■ TASK DETAILS: After locating the line with "Rime Arodaky Neve" in the entries below, output it and each following line up to and including the line with "Đầu Bếp Trẻ", exactly and without pictures.

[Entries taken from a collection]
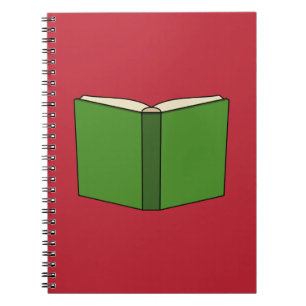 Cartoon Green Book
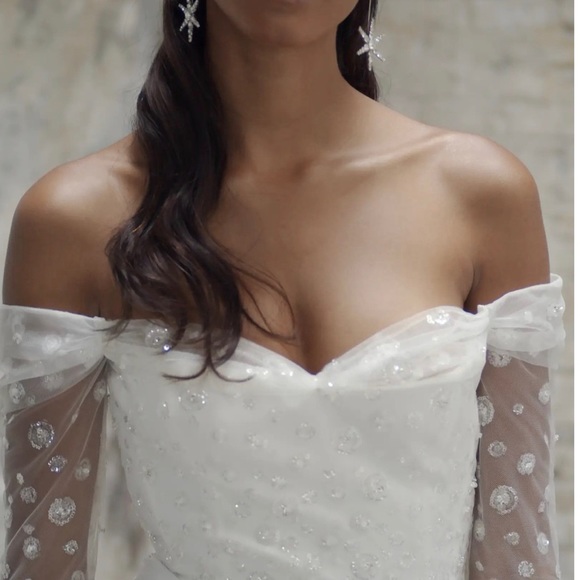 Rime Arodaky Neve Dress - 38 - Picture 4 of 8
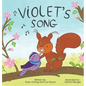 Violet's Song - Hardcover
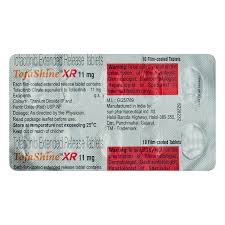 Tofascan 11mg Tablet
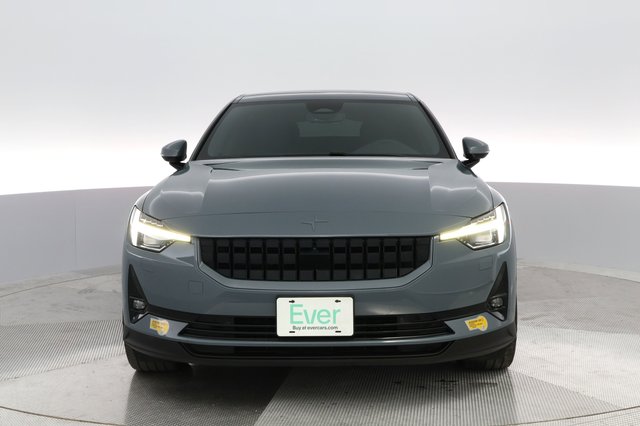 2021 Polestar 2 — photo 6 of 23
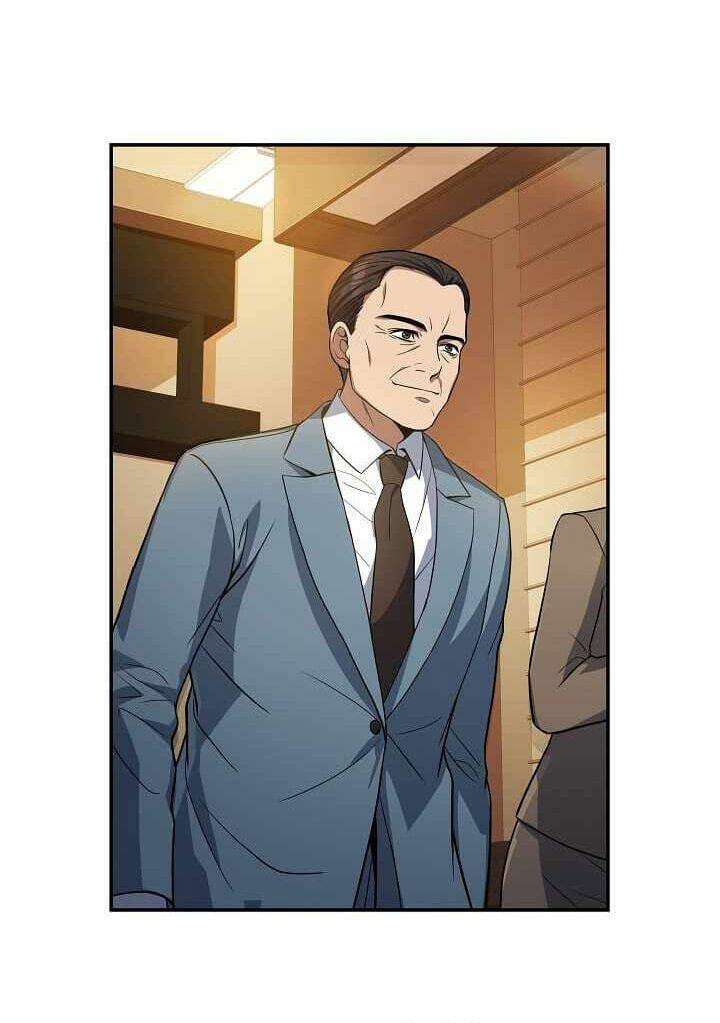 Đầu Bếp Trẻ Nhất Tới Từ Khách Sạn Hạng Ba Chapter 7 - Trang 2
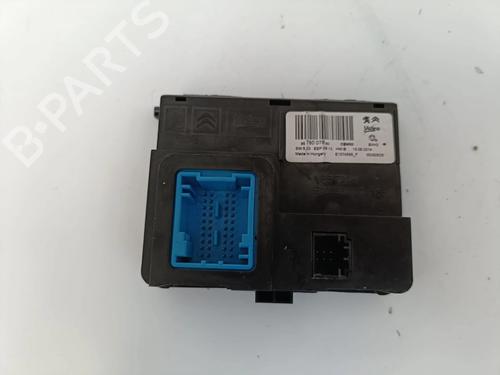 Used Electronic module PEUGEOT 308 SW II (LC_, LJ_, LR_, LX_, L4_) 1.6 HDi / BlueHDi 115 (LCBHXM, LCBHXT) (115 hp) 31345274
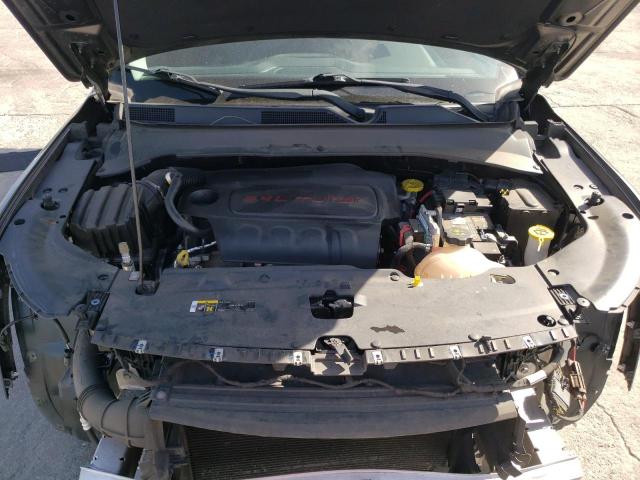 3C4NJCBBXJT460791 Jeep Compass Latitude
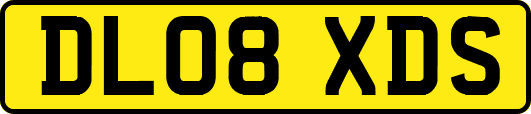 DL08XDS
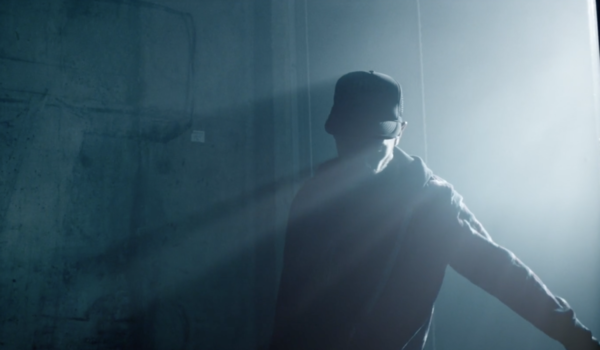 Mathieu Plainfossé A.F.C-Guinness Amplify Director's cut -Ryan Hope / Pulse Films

■ EXPECTED ANSWER:
 Rime Arodaky Neve Dress - 38 - Picture 4 of 8
 Violet's Song - Hardcover
 Tofascan 11mg Tablet
 2021 Polestar 2 — photo 6 of 23
 Đầu Bếp Trẻ Nhất Tới Từ Khách Sạn Hạng Ba Chapter 7 - Trang 2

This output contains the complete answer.